Brian reached out to Andrew at just the right time. Andrew was wrestling with bureaucratic challenges at his current bank and welcomed an introduction to a new partner. He invited the BankUnited team for a tour of Leasa’s facility. 

“We talked about what we needed, which was refinancing the mortgage on our facility which would give us room to breathe,” Andrew said. “The BankUnited team came into my conference room with computers and stayed there for hours crunching numbers; the mentality was ‘we’re going to solve this for you now.’”

Brian’s team immediately recognized that the company’s current financial plan constricted its opportunities for growth. “Like many family businesses, they had made a series of decisions that were the right decision at the specific time, but collectively they created a less-than-ideal capital structure,” Brian said. 


A banking relationship for the ages

With BankUnited’s help, Leasa consolidated its debt into a more affordable, long-term loan based on its biggest asset—its building—and established a line of credit. The move freed up cash flow the company used to drive even more growth. 

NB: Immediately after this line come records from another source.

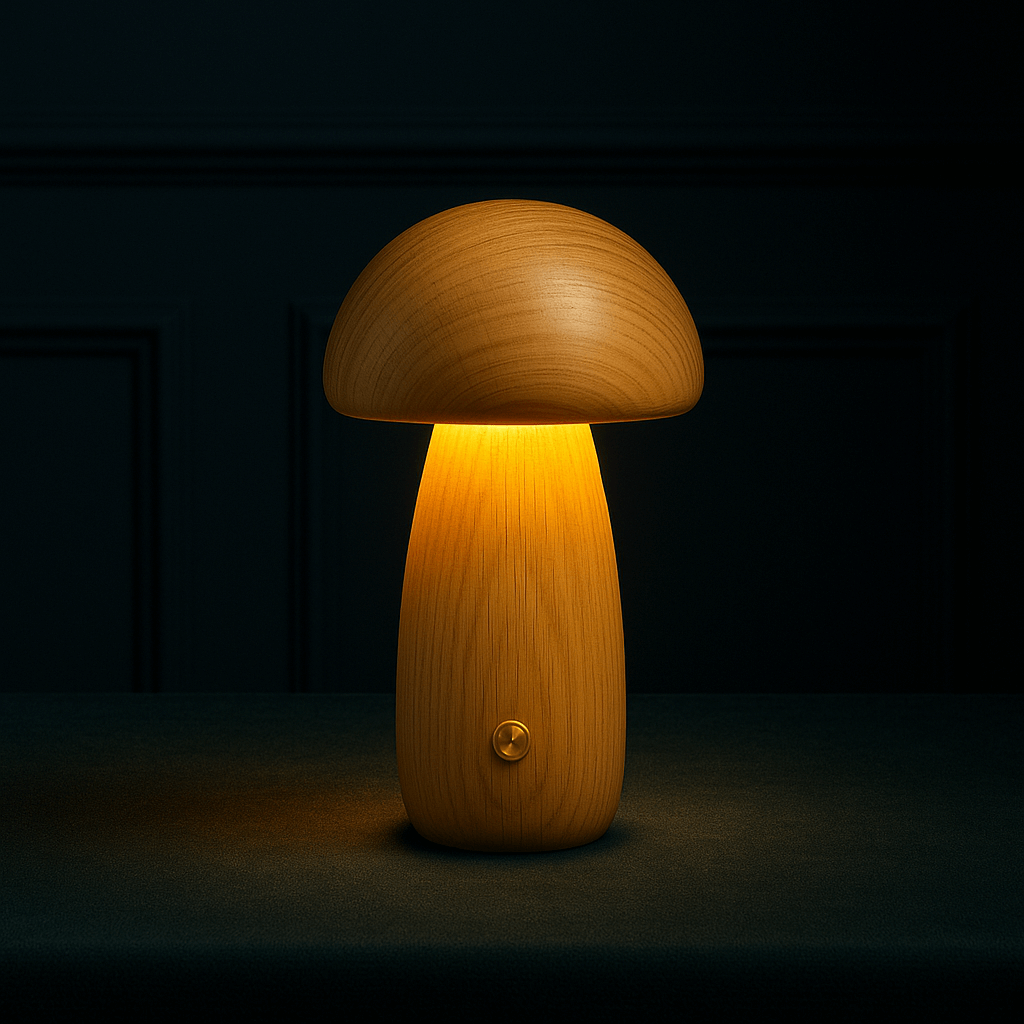 Lampe de table en bois scandinave Fungara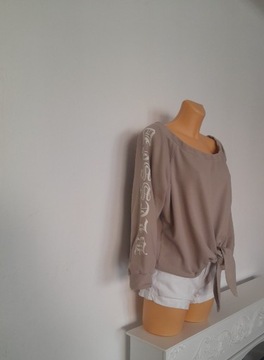 Jasnobrązowa krótka bluza oversize z długim rękawem Fashionnova r. L / XL 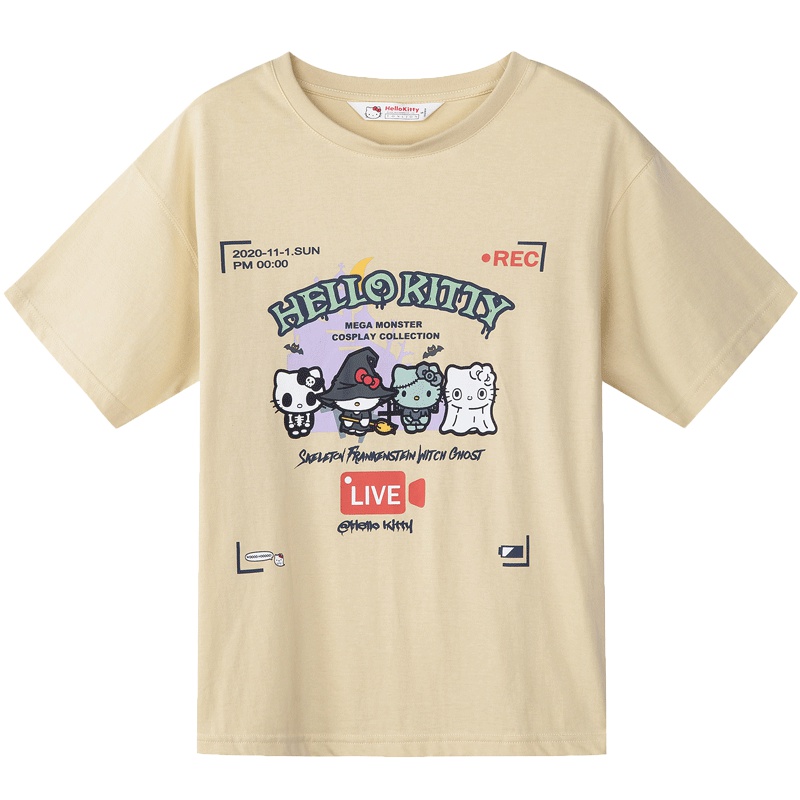 唐狮2019夏装新款T恤女韩版宽松短袖T恤女纯棉卡通图案半袖上衣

Just as importantly, the results of that first interaction launched a decades-long partnership between Leasa and BankUnited. Over the years, Brian and his team have become deeply familiar with Leasa’s financials, operations, goals, and financial needs. 

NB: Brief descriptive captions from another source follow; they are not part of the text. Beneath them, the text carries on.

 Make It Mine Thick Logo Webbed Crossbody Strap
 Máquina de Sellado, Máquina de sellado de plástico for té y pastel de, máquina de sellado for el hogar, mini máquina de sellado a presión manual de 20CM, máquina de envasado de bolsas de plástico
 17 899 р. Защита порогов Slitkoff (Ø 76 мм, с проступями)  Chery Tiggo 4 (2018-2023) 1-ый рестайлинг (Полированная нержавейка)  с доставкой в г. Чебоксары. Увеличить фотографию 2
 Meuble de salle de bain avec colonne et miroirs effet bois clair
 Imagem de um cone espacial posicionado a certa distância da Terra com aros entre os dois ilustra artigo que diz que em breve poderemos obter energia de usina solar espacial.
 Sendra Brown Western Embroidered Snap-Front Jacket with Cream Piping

“Brian and his team are in our corner,” Andrew says. “It’s like being part of a family.” 

The partnership represents the kind of teamwork that has made Leasa successful for 45 years and counting. Leasa is renowned in Florida, not only for the quality of its products but also for its contributions to the South Florida community. The company is one of the largest employers in Liberty City and a long-time second-chance employer providing job opportunities to previously incarcerated individuals. 

For Brian, the relationship underscores the importance of small and mid-sized businesses having a long-term banking partner that jointly helps fuel the economy and the local business ecosystem.

“That trust and understanding means that we don’t have to cover the basics when we connect,” Brian says. “They can focus on growing the company and their success and trust us to provide them with the best solutions for doing so,” Brian says.